== SUPPLIED DATA
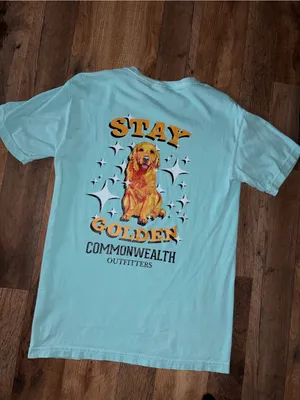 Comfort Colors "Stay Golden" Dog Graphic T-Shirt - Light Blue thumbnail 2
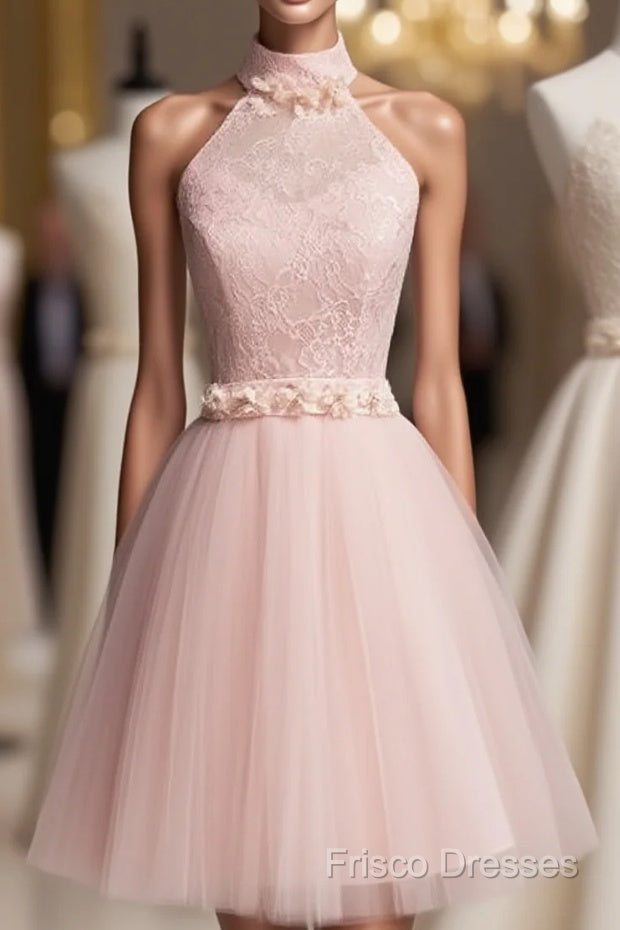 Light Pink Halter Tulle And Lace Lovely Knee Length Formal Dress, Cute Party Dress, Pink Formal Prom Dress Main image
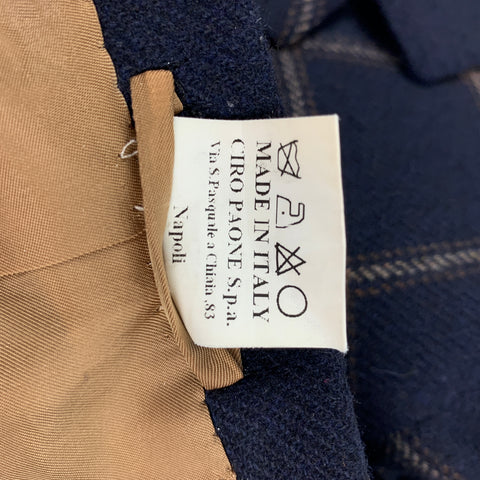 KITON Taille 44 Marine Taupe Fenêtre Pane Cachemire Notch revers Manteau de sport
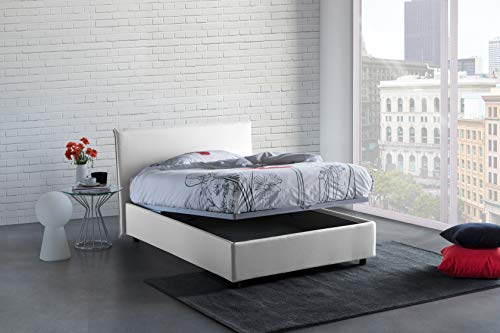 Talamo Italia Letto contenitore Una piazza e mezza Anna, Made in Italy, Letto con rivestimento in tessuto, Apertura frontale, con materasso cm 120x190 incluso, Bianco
====
From the line that contains "KITON Taille 44" through the last line of the listing, copy each line exactly; both end lines stay in, and pictures stay out.

# ANSWER TO THIS EXERCISE
 KITON Taille 44 Marine Taupe Fenêtre Pane Cachemire Notch revers Manteau de sport
 Talamo Italia Letto contenitore Una piazza e mezza Anna, Made in Italy, Letto con rivestimento in tessuto, Apertura frontale, con materasso cm 120x190 incluso, Bianco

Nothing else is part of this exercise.